## RECORDS FOR PROCESSING:
^^^^^^^^^^^^^^^^

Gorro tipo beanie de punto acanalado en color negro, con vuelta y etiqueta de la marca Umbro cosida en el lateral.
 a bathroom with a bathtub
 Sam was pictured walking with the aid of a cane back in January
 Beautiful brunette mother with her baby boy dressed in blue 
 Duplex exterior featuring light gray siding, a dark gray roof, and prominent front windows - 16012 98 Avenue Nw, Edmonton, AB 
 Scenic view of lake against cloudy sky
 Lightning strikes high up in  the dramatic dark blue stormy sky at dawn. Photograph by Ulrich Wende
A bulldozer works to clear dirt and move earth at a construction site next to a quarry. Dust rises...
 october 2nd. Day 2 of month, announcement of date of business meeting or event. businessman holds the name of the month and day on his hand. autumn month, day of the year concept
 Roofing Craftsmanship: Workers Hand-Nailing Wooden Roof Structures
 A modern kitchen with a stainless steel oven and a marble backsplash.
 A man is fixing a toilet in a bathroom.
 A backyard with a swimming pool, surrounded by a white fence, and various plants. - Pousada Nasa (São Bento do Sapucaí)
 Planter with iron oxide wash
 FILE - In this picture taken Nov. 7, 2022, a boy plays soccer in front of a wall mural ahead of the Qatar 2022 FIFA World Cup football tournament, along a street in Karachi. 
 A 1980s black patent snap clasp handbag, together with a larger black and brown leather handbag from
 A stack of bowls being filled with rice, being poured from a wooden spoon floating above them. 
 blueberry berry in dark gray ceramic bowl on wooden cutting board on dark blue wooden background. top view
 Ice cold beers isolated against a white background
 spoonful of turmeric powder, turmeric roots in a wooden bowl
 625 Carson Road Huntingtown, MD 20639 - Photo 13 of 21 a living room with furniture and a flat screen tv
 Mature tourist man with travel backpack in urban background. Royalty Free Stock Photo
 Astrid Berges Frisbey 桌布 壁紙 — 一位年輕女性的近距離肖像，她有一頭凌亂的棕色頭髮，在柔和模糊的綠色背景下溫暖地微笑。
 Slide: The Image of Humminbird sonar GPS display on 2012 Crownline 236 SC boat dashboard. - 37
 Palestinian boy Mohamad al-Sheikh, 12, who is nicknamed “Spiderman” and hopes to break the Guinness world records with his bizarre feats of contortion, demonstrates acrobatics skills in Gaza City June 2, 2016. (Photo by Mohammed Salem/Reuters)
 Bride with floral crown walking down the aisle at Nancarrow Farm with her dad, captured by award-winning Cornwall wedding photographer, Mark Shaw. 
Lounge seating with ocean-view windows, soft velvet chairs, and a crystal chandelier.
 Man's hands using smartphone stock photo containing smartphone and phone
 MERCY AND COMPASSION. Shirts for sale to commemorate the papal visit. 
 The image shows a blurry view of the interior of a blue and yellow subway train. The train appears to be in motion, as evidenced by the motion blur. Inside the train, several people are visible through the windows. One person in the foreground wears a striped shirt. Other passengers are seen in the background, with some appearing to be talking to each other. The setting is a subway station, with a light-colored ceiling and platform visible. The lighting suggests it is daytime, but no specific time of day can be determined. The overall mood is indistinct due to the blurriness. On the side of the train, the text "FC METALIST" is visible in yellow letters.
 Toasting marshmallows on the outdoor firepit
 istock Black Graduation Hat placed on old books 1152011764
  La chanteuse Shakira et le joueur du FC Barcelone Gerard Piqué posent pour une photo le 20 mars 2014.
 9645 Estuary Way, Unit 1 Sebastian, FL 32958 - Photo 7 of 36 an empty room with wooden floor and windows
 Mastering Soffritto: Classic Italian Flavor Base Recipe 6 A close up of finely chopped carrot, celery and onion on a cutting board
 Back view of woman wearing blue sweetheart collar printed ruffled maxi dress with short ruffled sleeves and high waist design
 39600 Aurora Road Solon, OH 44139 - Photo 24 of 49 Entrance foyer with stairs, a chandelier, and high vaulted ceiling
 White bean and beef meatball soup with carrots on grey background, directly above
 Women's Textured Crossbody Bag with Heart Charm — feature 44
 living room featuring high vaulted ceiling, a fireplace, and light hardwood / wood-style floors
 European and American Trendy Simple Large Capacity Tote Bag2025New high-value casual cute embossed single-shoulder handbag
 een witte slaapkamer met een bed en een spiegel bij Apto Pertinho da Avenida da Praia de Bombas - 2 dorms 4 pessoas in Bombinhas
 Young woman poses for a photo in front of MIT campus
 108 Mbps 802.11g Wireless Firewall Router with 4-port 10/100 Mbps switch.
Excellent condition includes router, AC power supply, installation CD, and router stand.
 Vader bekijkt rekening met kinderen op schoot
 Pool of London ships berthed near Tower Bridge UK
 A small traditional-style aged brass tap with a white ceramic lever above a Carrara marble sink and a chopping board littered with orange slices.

^^^^^^^^^^^^^^^^

A single figure, please: the number of lines in the data that hold the string "style".

## RESULT BELOW:
2